Google updates struggling Chrome OS
Update adds full Drive integration, a new app list and wallpaper support
Google has issued an update to Chrome OS, the cloud-based software that runs on the company's Chromebook and Chromebox devices - but are the changes too late to win sales?
Updating devices to the latest stable release brings several interface enhancements, including a new apps list, full Google Drive integration, and the ability to add custom wallpapers.
Rather than a full-screen grid of available apps, the new app list is a small box that pops up without obscuring running applications. It's ordered into pages of 16 apps each, and has its own in-built omnibar that searches apps and online, with search results mixed together.

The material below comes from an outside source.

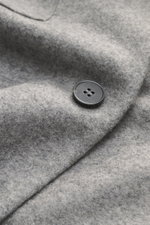 Close-up angled view of Harris Wharf London Cashmere overshirt grey melange showing pure cashmere fabric with knitted and felted quality, very soft touch, raw-edge finish, slim fit, five-button placket, turn-down collar, patch chest pockets with flap, ang
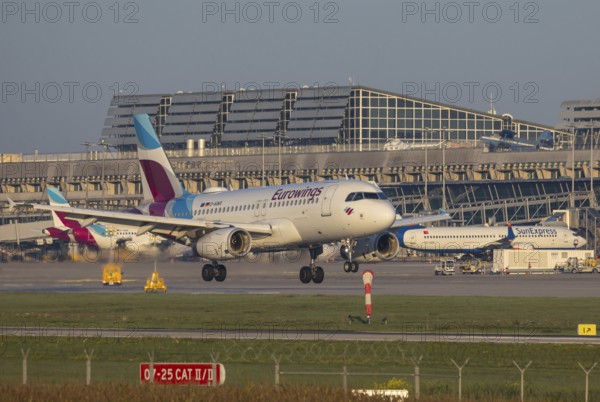Flight operations at Stuttgart Airport with terminal. Aircraft on landing. Aircraft registration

You can also pin apps directly to the Launcher - what Google calls the taskbar.
Google has added the ability to save files directly to Drive, rather than saving them locally and uploading them, making it much easier to work on files between devices. Saving a file opens a dialog window with a choice of tabs; choose Google Drive and it gives a neatly ordered folder and file tree that's arguably cleaner than the Drive web interface.
Choosing a desktop wallpaper beyond bundled samples is finally possible, and Google has moved the choice away from the browser and into the same file and folder dialog window.

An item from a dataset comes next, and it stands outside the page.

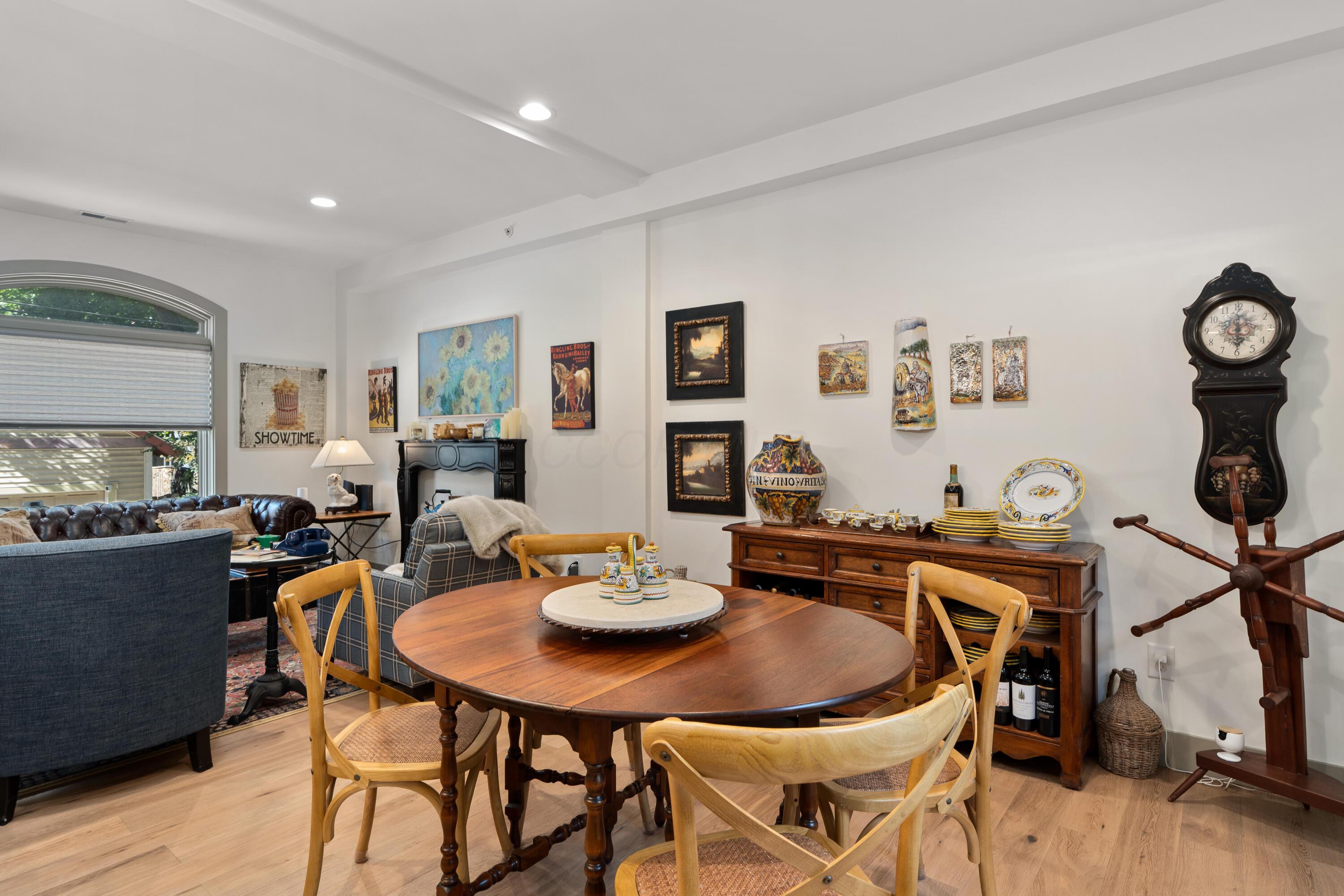 Dining and living area with a round wooden table, ceramic displays, antique clock, and arched window.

With a more user-friendly UI and vital offline apps added in the last big release in April, Chrome OS is gradually becoming a viable affordable alternative to a Windows laptop.

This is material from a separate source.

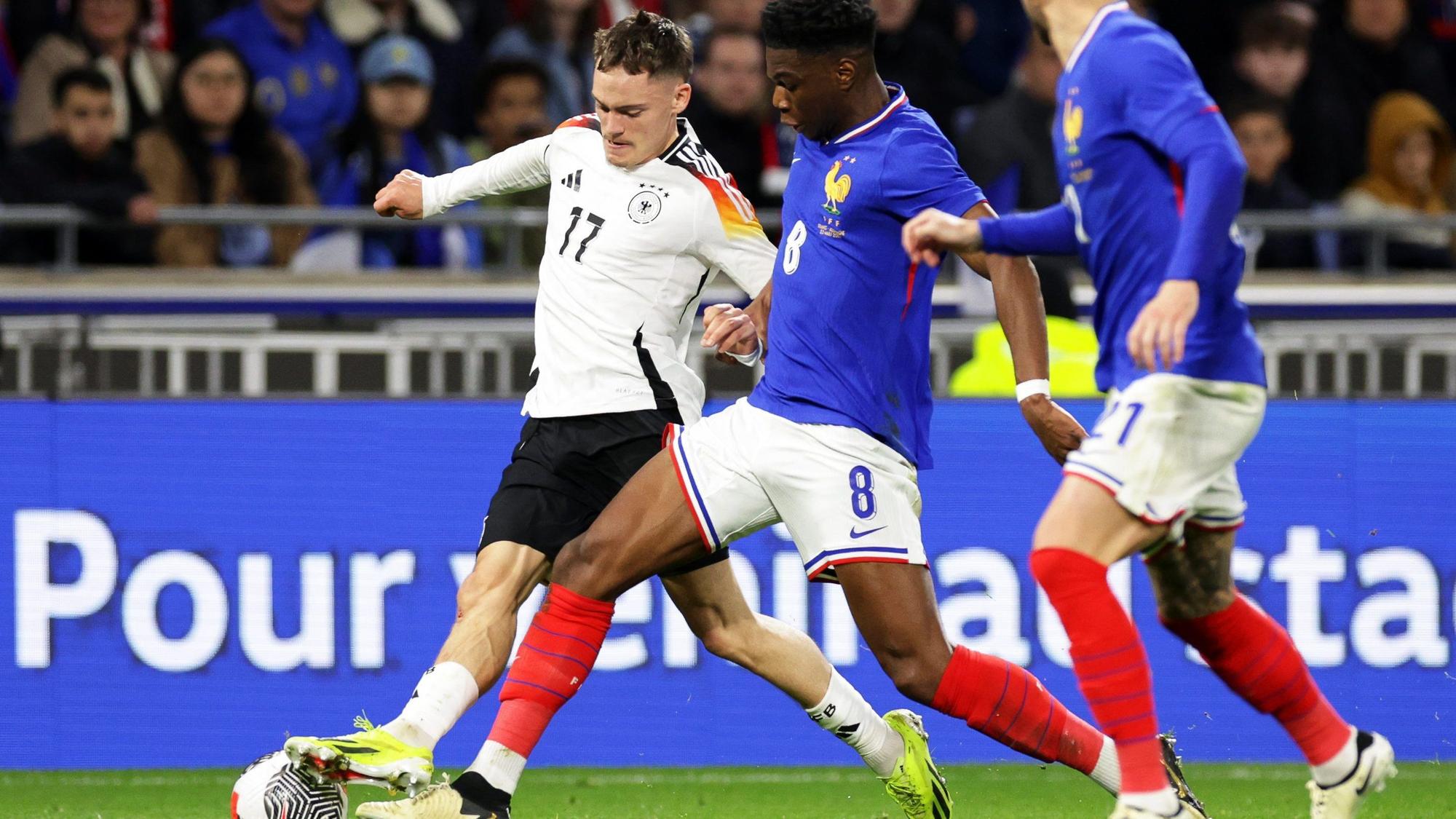 Deutschlands Florian Wirtz (l) in Aktion gegen Frankreichs Aurelien Tchouameni (M) und Lucas Hernandez.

Whether that will translate into sales remains to be seen. By January, Google had placed 27,000 Chromebooks in schools in 41 US states, and in June it announced more than 500 school districts in the US and Europe were actively using the devices. Figures haven't been released for consumer sales, but are thought to be small.
In June, Google pushed its Chromebooks into 100 Best Buy stores in the US and an unspecified number of Dixons outlets in the UK. No sales figures have been released, but a study by online advertising firm Chitika of web traffic for a week in June put Chrome OS's share at a negligible 0.0119% - lower even than those using the Sony PlayStation 3 as an unlikely web browser.